CRICosta Rica · Étape 03

Manuel Antonio

Des paresseux au-dessus des sentiers, des capucins voleurs de sacs et des criques de sable blond sous la jungle : le plus petit parc du pays est son plus irrésistible concentré.

Durée conseillée — 2 nuits

Manuel Antonio tient du miracle touristique assumé : en une matinée de sentiers plats, on y observe presque à coup sûr les deux espèces de paresseux, trois espèces de singes (hurleurs, capucins, et les rarissimes singes-écureuils), agoutis, ratons crabiers et iguanes — avant de conclure sur la plage de Manuel Antonio, crique parfaite où la forêt fait l'ombre elle-même.

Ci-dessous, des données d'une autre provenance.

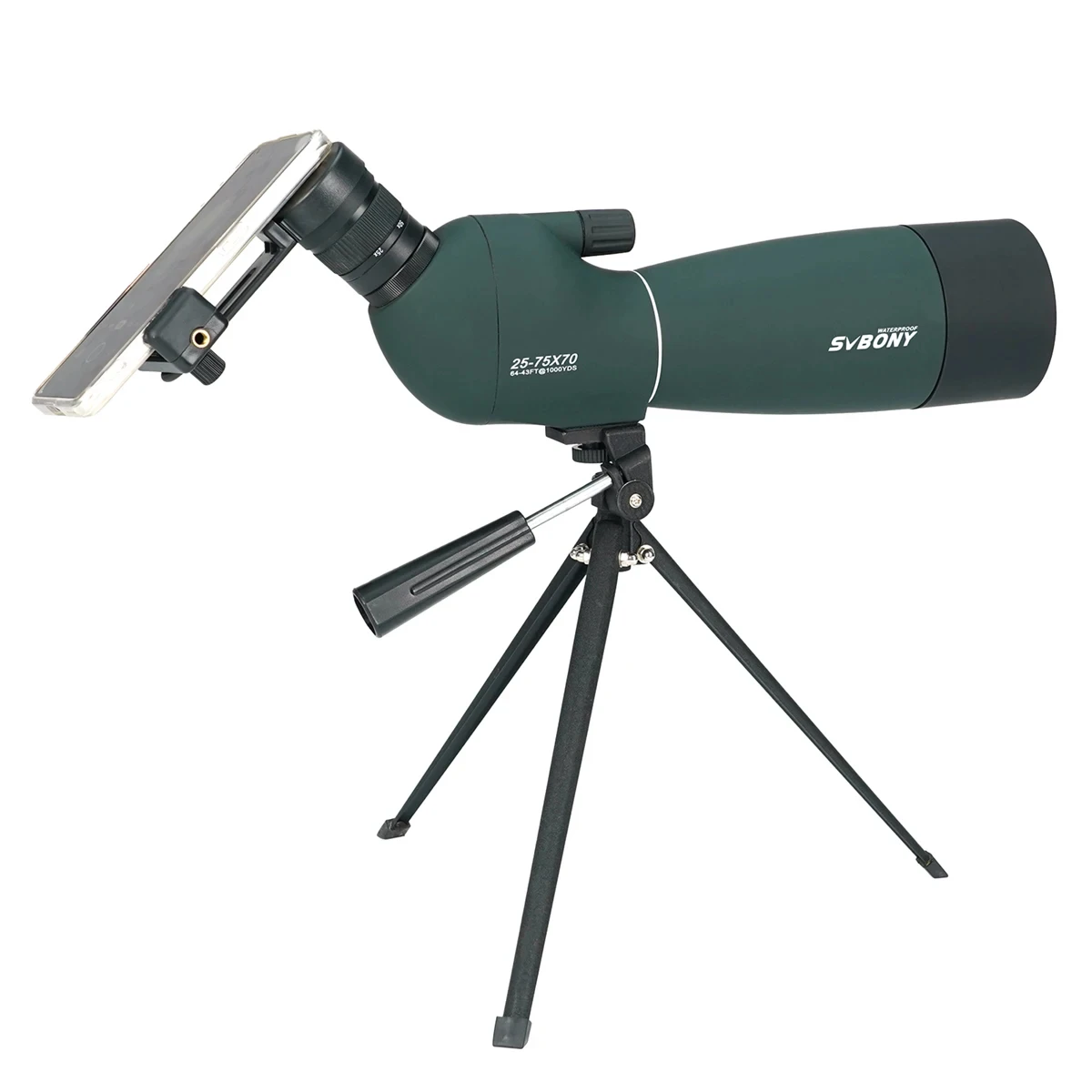 SVBONY SV28/SV28PLUS 25-75x70 Зрильные прицелы со штативом, водонепроницаемые, прицелы для стрельбы, для стрельбы по мишеням, наблюдения за птицами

Sa popularité impose sa discipline : billets horodatés à acheter en ligne à l'avance (le parc est contingenté et ferme le mardi... vérifiez le jour actuel), arrivée à l'ouverture, guide avec télescope pour la première heure, et vigilance absolue avec les capucins et ratons — véritables pickpockets professionnels des sacs de plage.

À ne pas manquer

  • Le sentier principal et la boucle de la Punta Catedral
  • La plage de Manuel Antonio dans le parc (baignade calme et surveillée par les singes)
  • Les paresseux du parking et de la route d'accès — souvent les mieux placés
  • Le coucher de soleil depuis les collines de Quepos, cocktail en main

Nos conseils sur place

  • Achetez les billets du parc en ligne plusieurs jours à l'avance en haute saison : ils sont contingentés et partent vite.
  • Aucune nourriture n'entre dans le parc (fouille des sacs) : petit-déjeunez solidement et hydratez-vous.
  • Ignorez les faux parkings et rabatteurs sur la route d'accès : le parking officiel est près de l'entrée, les autres vivent de la confusion.

Au programme de la maison

À paraître

« Costa Rica en autonomie », l'édition complète, est en préparation

Même méthode que notre guide Namibie : itinéraires jour par jour, conduite, budget chiffré et checklists. Laissez-nous votre adresse, vous serez prévenu à la parution — au tarif de lancement.

Avant de partir

Questions de lecteurs sur Manuel Antonio

Manuel Antonio est-il trop touristique ?

Il est très fréquenté ET il tient ses promesses : peu d'endroits au monde offrent une telle densité de faune visible en si peu d'effort — idéal en famille ou en début de voyage pour engranger les observations. Les puristes lui préféreront Corcovado ; les deux ne jouent pas dans la même catégorie d'engagement.

Faut-il un guide dans le parc ?

Pas obligatoire, mais rentable la première fois : les guides certifiés (à prendre à l'entrée officielle, jamais dans la rue) repèrent au télescope les paresseux en boule et les vipères invisibles à l'œil nu, et les photos au smartphone à travers la lunette sont bluffantes. Ensuite, vos yeux sont formés pour le reste du séjour.